The way it generally works: we call some Cocoa API that returns a thing that shouldn’t ever be nil. Then we pass that thing on to another Cocoa API — textField.stringValue or menuItem.title or whatever — but it’s nil, and the app crashes.

Lesson: don’t believe their lies!

Or, put another way: it’s good to be aware of which APIs will crash with a nil parameter, and take care in those cases. It may even be a super-rare case — but when an app has lots of users, super-rare cases will happen to a bunch of people every single day. Even on Sundays. Even while you’re asleep.

This extends to cases where we’re using headers with nullability attributes. A system API that says it won’t return nil might return nil anyway, because bugs are always possible. (Maybe one day we’ll be able to rely on this, but it’s too soon right now.)

Mutation Errors

In complex systems — especially complex systems with KVO, which is a side-effect producing machine — enumerating a mutable array can cause crashes.

There’s one sure-fire fix for this: don’t enumerate mutable arrays. Make an immutable copy first, if needed. Boom.

And! Sometimes a system API says it returns an NSArray, but it’s really an NSMutableArray that could get mutated. Just copy any collection the system gives you if you’re going to enumerate it.

NSArrayController Considered a Bugaboo

There were several cases where we had hard-to-reproduce mystery crashes where NSArrayController appeared in the backtrace.

One of the crashes was reproducible if you did the same thing about 30 times in a row. (It wasn’t a constant: it was always around 30.) The others were not reproducible at all, but we had crash logs from users.

In every single case I fixed the bug by switching from NSArrayController over to the old-fashioned NSTableViewDataSource and NSTableViewDelegate methods. It didn’t take much code, and the crashes went away.

I have no explanation for this, but I will say that you won’t find me writing new code that uses NSArrayController.

Memory Management Is Still a Thing

I’ll never kvetch about Automatic Reference Counting (ARC). ARC stands for “Awesome and Really Cool.”

But there are still times when you have to manage memory. There’s a particularly interesting issue with inout NSError ** and @autoreleasepool.

Consider this case:

- (void)someFunction:(NSError **)error {
    @autoreleasepool {
        *error = …create an error
    }
}

Is *error valid after the @autoreleasepool block? Nope.

One way we’ve dealt with this:

- (void)someFunction:(NSError **)error {
    @autoreleasepool {
        @try {
            *error = …create an error
        }
        @catch (NSException *exception){
        }
        @finally {
            OBStrongRetain(*error); //inside autoreleasepool here
        }
    }
    OBAutorelease(*error); //outside autoreleasepool here
}

It’s not lovely, but it ensures that *error survives until outside the @autoreleasepool block, and that it’s returned as auto-released. Cool.
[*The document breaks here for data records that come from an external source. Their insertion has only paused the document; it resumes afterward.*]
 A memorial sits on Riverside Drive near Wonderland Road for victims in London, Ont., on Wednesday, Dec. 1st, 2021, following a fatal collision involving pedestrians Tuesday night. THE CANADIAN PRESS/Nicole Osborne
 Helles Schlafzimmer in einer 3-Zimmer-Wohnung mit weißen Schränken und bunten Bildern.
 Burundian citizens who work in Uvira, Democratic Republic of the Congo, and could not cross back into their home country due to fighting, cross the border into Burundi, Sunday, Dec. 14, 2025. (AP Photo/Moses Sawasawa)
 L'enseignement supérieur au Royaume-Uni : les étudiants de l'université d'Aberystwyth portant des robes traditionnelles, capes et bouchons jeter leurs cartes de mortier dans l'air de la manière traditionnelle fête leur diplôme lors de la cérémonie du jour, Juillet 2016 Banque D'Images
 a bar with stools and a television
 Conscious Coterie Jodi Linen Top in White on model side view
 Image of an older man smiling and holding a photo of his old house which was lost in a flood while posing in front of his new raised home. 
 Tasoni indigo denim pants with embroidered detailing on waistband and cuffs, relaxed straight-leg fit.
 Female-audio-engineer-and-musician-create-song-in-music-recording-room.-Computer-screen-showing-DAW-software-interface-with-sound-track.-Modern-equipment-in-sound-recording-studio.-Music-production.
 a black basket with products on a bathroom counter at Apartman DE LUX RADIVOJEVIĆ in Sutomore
(See OBUtilities.h for the definitions of OBStrongRetain and OBAutorelease.)

But what happens if there’s also an inner autorelease pool? You need to do that same dance with *error again. And, if you forget, there will be crashes.

General principle: be very careful when mixing NSError ** and @autoreleasepool. It’s less like chocolate and peanut butter and more like egg plants and butterscotch. (“Egg Plant and Butterscotch” was the name of a mid-’60s folk-music-and-comedy duo from Midvale. Their shtick was that they argued all the time. They weren’t very successful, because they argued all the time.)

XPC, or “Is the System Absurdly Loaded?”

Once you’ve figured out which are your own crashes, whatever remains, no matter how annoying, is Apple’s crashes.

And the most common source right now is crashes related to XPC and remote views. Running a save panel is particularly crashy. We’ve filed bug reports with Apple about these. Sometimes the best thing you can do is just report the bug and move on.